First of all, this weekend was the anniversary of my engagement to Don. There are actually still a few people at the Faire who will remember that day. Also – WOW! Lots of faces from the past as well as several visiting Ren Vets. The black eye is nearly gone, and what little remains is barely noticeable.

Saturday was a little warmer than I would have liked, but it was mostly sunny and not abysmally humid, so I oughtn’t complain. The day was all about pacing. I was determined to have enough voice to finish Monday (and then blow whatever was left at that day’s Pub Sing; it is tradition, after all!) Anyway, there were good sized crowds, though not terribly responsive. The Chess Games, in particular, were noticeably quiet.

Oso was a bit dehydrated (surprise, surprise) before the first joust, but he managed reasonably well. He was just unbearably pokey. Funny thing in the games: Lewis put his lance right through the shield of the solid quintain. The lance stuck; he had to ditch it and knock the second quintain over with his hand. When I rode, I put my lance right in the same damned hole. Perfectly. Guess that speaks well of our targeting, yes? Anyway, it dragged the lance from my grasp and I, too, had to use my hand on the second one. As for the passes, well, true to pattern, I got a rock-freakin’-solid break lance that absolutely numbed my right hand. When the Sheriff challenged me to ground combat, I answered, “If I can hold a sword…” Very intimidating, yes?

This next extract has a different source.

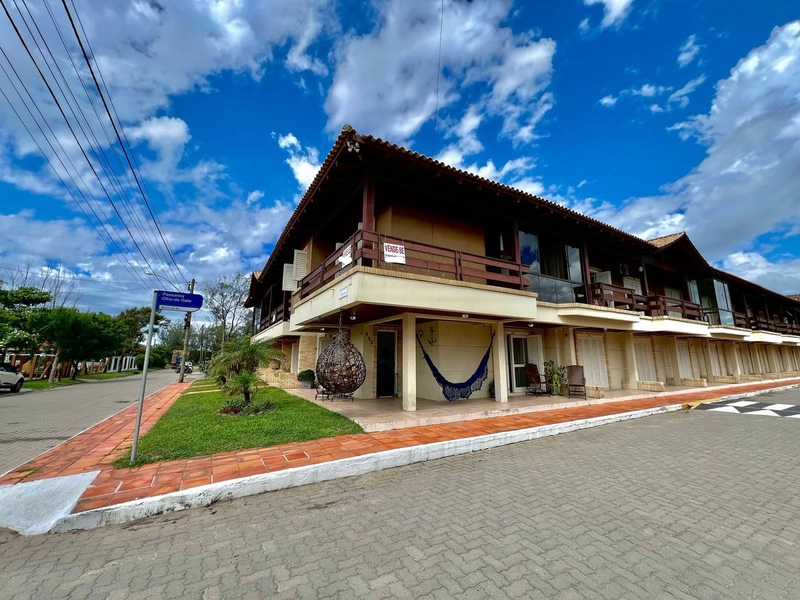 Sobrado duplex, mobiliado, próximo a praia em Rainha do Mar: 2ª foto da galeria de imagens do imóvel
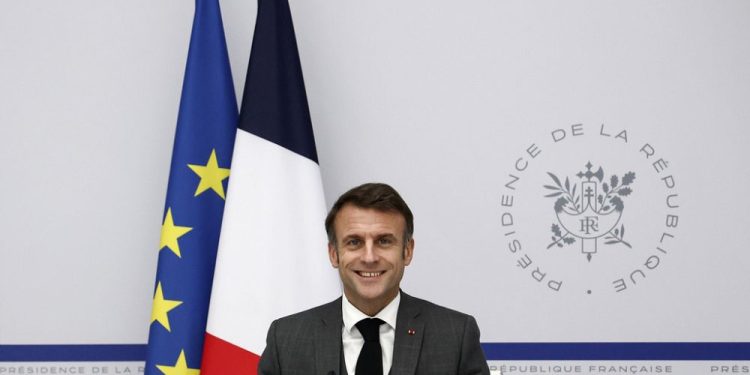 Fransa'da Elysee Sarayı'nda Hanuka kutlaması laiklik tartışmalarına neden oldu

Most of the day was pretty straightforward. Chess Games were fine; actually, my fight with Hood was really good. The scenes went well. Wench sets were good, save for my utterly tanking on my “Caviar” verse. Yes, I’m still whinging about that. ::harrumph::

Second Joust was fine. I missed almost all of my solid lance hits this weekend. Naturally, this makes me cranky. I know I’m pulling my shield, too, on occasion. Kel lets me know. Further crankiness ensues. I’ve got to step up.

Gone are my days of mad partying at the campsite. Truth be told, I never partied all that madly, but I certainly used to imbibe more, sit around smoky campfires and stay up past midnight. I was also younger. No, this old girl went to bed at a sensible time after only a couple of beers and a splendid wrist massage from Robin Hood.

I slept for shit. The wind awoke me at around 4 a.m., and I was unable to get back to sleep. Dammit.

Sunday was cooler and cloudy. We had periods of very light rain/heavy mist, but all told it wasn’t bad. Morning wrist massage from chevalier776!!! He gave me one on Monday, too. I think I may have drooled. If I did, he was kind enough not to mention it.

The Hood/Marian fight was a bit sloppy, and we were both disappointed, but I think my fight with milfsrus was good. All three days, actually. Scene-wise, nothing stands out. ‘Meet the Band’ continues to be delightful. The kids are a joy! On the Wench front, I managed to come up with two more new verses (I was dreading that prospect – three days worth of anguish and certainty that my verses would be completely lame!). While “Ball” was only cute, “Caviar” was pretty good. It’s not often you can find a way to use ‘buggery’ and still make it innuendo.

There were joust incidents; once again, we had to readjust the show at the last minute. I have a vague recollection, somewhere in the distant past, the joust used to be the same every day. I even recall – barely! – what that was like. Still, “no blood, no foul.” Okay, there was the fake blood, but certainly that doesn’t count. The audience seemed to like the second Joust right well, and we all walked off the field intact. Except for Lewis, carried off in his posh little death cart. Diva.

Pub Sing wackiness was at its usual level. Kel and I danced around like idiots, ‘cause that’s what we do. During ‘Squid Jiggin’ Ground,’ I forgot where my verse came in – d’oh! I soon forgot about that. Why, you may ask? In her verse, Ann sings ‘One poor little b’y got it right in the eye,” and ‘b’y’ is pronounced to rhyme with ‘eye.’ I clapped a hand to my own eye and said “Ow!” Kel looked at me and said “Are you a b’y?” I gave her my best sultry look (which is rather silly, if you must know) and said “Why, are you asking?” There is a reason I tell this story. Perhaps you will find out if you read on…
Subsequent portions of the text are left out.